The Best Time to Catch Sailfish in Costa Rica

The best time to catch sailfish in Costa Rica is December through April. These five months are when you’ll find all the major billfish tournaments being hosted in Costa Rica and days with double digit sailfish bites are quite common.  While the peak season is typically listed as five months long, usually the sailfish numbers start out lower in November and December and then increase from January through April once the water is warmer and there is more blue water closer to shore. This of course refers to fishing on the Pacific Coast of Costa Rica.

During the months of May through November we still catch sailfish every day, but some weeks they may not be as concentrated and therefore the numbers won’t be as high as peak season. Similar to the marlin bite, June through August tend to offer a great “second season”, which you can see in our past Costa Rica fishing reports.

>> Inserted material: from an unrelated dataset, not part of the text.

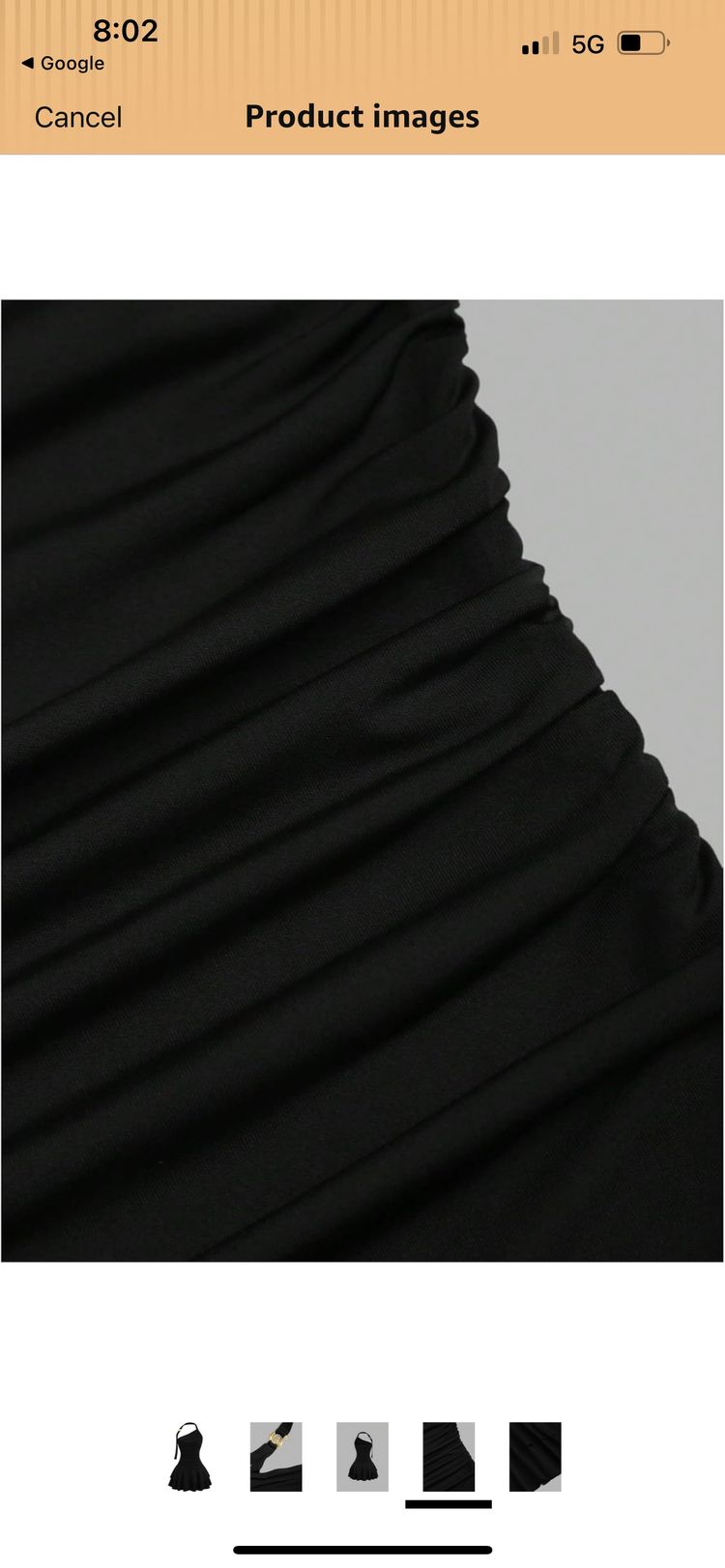 Black Ruched One-Shoulder Dress With Gold Buckle image 8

The Best Time to Catch Dorado (Mahi-Mahi) in Costa Rica

One of the most popular sport fish across the globe, mahi-mahi is called ‘dorado‘ in Costa Rica. We catch dorado every month of the year in Costa Rica, but the best months are October through December. Every year there is a big dorado run that starts in late October or early November and runs through mid to late December. These fish all seem to be mature adults ranging from 30-50 lbs, with a few 60 lb+ trophies out there.  The dorado fishing is so good that the Marina Pez Vela in Quepos hosts their annual Dorado Derby tournament every November.

After that intense peak dorado season, the bite is sporadic yet steady throughout the rest of the dry season (Dec-Apr).  Once the rains start in May, the rivers blow out trash lines form off the coast with dead trees, palm branches, and (unfortunately) garbage. These form the perfect habitat for dorado, so from May to August we see incredible dorado numbers, though they are often smaller 10-20 lb fish.

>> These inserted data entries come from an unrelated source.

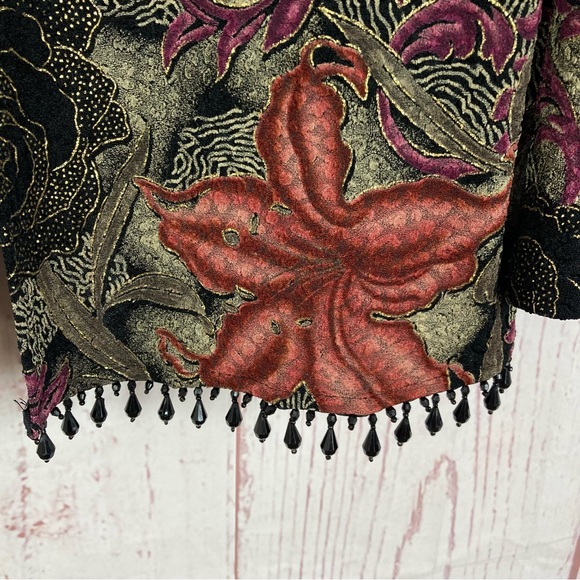 Dressbarn Size 18 20 Beaded Fringe Cardigan Black Floral Glitter Textured Slinky - Picture 5 of 13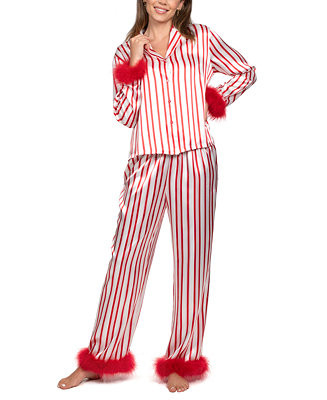 Women's 2-Piece Marabou Stripe Top and Pants Pajama Set | Macy's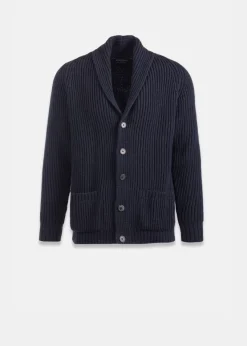 Knitwear & Tops*Gloverall Shawl Collar Cardigan Navy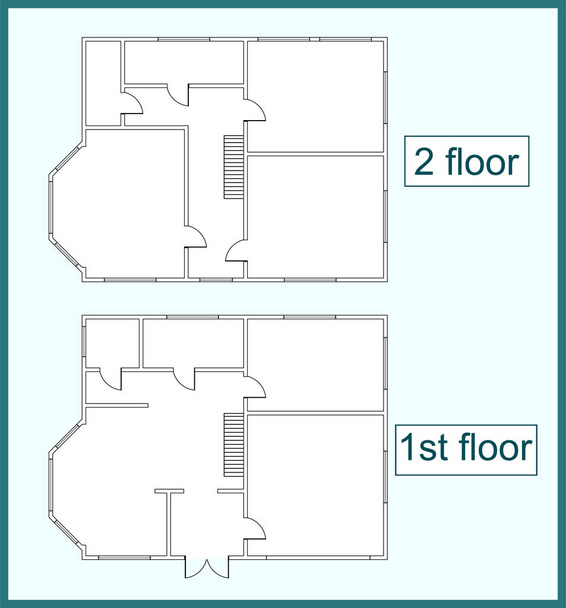 Абстрактний план двоповерхового будинку
 - Вектор, зображення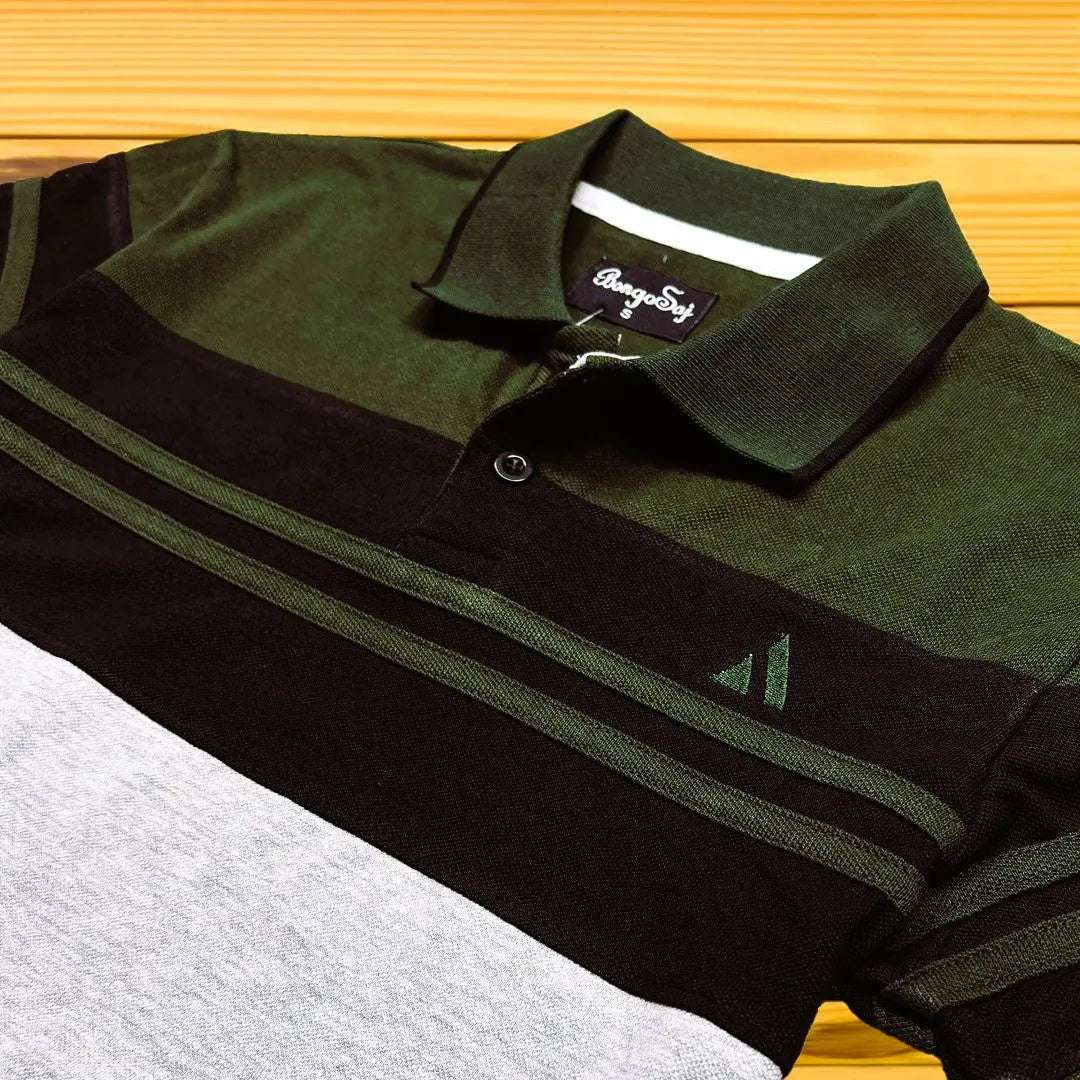 Men stylish T Shirt Juniper Green , Black, Ash with Juniper Green stripe Airtex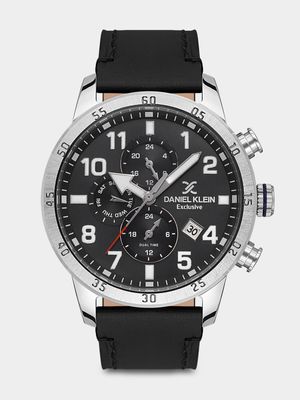 Daniel Klein Silver Plated Black Leather Chronographic Watch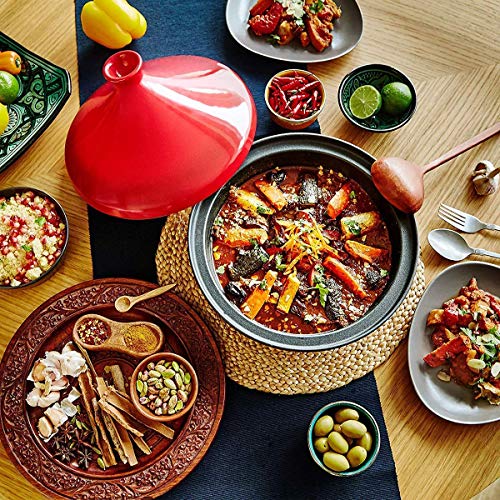 Moroccan tagine Pot Small tagine Bowl Round Ceramic Casserole Clay Pot with lid Heat-Resistant hot Pot earthen Pot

When the Best Time to Catch Roosterfish in Costa Rica?

We catch roosterfish twelve months a year in Costa Rica, although the months of December through March tend to be exceptional. The truth is, the roosterfishing along the Pacific Coast is always quite good and nowhere near as seasonal as the offshore fishing.  The main reason why is that roosterfish, along with most of our inshore species, are not migratory like the offshore pelagic species. Rather, they tend to have a “home” reef or islands that they stick to, which is why it’s so important to practice catch and release with this prized species. As long as the water is clear and there are baitfish around, you stand a good chance at catching our beloved “pez gallo”.  Roosterfish don’t generally like freshwater however, so October and early November tend to be the slowest months for roosterfish as many rivers can get completely blown out with the rains.

Costa Rica Inshore Fishing packages

When is the Peak Tarpon Season in Costa Rica?

There are two main tarpon seasons in Costa Rica: Spring (Jan-May) and Fall (September & October). The fishing seasons on Costa Rica’s Caribbean Coast is essentially a mirror of the weather seasons – when the weather is good the fishing is good.  Unlike much of the rest of the Caribbean, the tarpon in Costa Rica are not migratory and the resident population is robust so the fish are here year-round, the question is whether or not you can get to them.  All the tarpon lodges and hotels in the Caribbean Coast are located inside on freshwater canals, so to get out to the ocean where the best tarpon fishing is you need to run out of the river mouth – which can be harrowing on the wrong day.  The best months to fish the Caribbean Coast of Costa Rica are therefore when the seas are calm, which happens to be mid-January to mid-May and then again in September and October.